10月以来の登場です。メンデルスゾーンで止まっていました。
前期ロマン派は、とりあえず終わりましたので、次の時代に入っていきます。が、話をフランスに飛ばしてみます。

フランスではドイツと事情が異なり、交響曲という音楽ジャンルがあまり喜ばれなかったようです。どちらかというと、バレエが盛んでバレエ音楽が非常にウケがよく、また演劇も盛んでそれにつける劇付随音楽という分野も作曲依頼が多かったようです。
そんな理由から、フランスの作曲家で交響曲を書いた作曲家は非常に少ないですね。
時代的にはフランスの本格的交響曲のスタートはベルリオーズの「幻想交響曲」です。
その後、フランク、サン=サーンス、ビゼーなどが交響曲を作っていますが、幻想から生まれた系譜というわけにはいかず、幻想は孤高のシンフォニーという感じでしょうかね。

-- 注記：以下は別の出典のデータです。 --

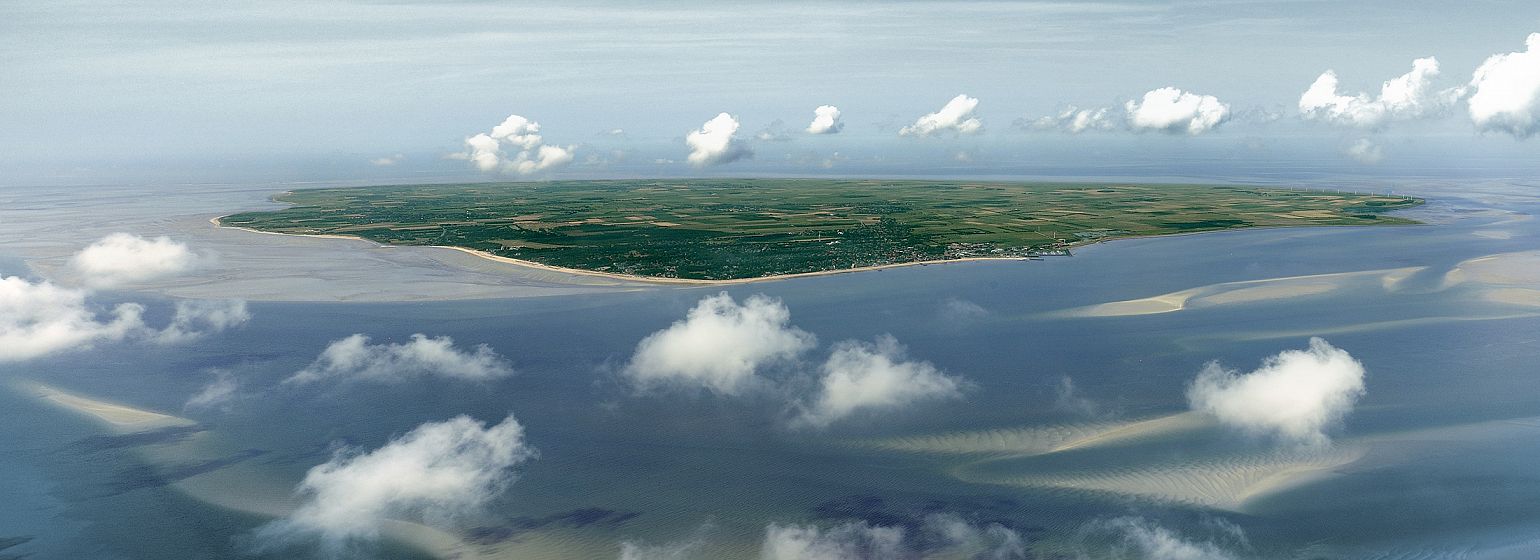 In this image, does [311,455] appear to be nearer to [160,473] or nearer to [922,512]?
[160,473]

幻想交響曲は交響曲という名称はついていますが、所謂ハイドン、モーツァルト、ベートーヴェンと引き継いだ交響曲の様式には則っていない、独自の表題音楽です。ある芸術家の生活の挿話、という副題がついていますが、このある芸術派はベルリオーズ自身の事だと言われています。

ベートーヴェンとそれ程変わらない時代という事を考えると非常に大きな編成で、バンダ(舞台裏で演奏する)や、ティンパニ2セット、第5楽章で使用する専用の鐘、オフュクレイド(チューバで代用する事が多い)、2台以上のハープなどなど、拡大型の3管編成です。

第1楽章は夢・情熱というタイトルがついているソナタ形式の楽章。異常なまでの彼女への情熱と夢が語られます。
第2楽章は舞踏会。愛する女性に再会した舞踏会での喜びがワルツで演奏されます。
第3楽章は野の風景。田園地帯の牧歌的な音楽の中で遠くで響く雷鳴、女性への妄想が描かれます。
第4楽章は断頭台への行進。夢の中で愛する女性を殺害し、死刑判決を受け断頭台へ進んでいく様子が描かれています。2台のティンパニが交互に現れ荒々しく演奏されますが、最後にヴァイオリンからコントラバスまで繋がるピチカートで、首が体から離れて転がる様子が現れ、処刑終了のファンファーレが響きます。
第5楽章はワルプルギスの夜の夢。死後の世界、亡霊や化け物が集まっての饗宴。グレゴリオ聖歌の怒りの日の旋律も現れます。弦楽器のコルレーニョで演奏されるのは骸骨でしょうか。

この曲は、やっぱり演奏してとても楽しい曲です。コントラバスは2楽章以外は重要な旋律が結構多く、ヤリガイがある曲でもあります。

第2楽章に、コルネットのオブリガートを挿入した版もあり、私の知っているところでは、チョン・ミュンフンがパリ・バスティーユ管弦楽団を振った録音ではその版が採用されています。いつも聴くものと全く雰囲気が違うので、試しに聴いてみてください。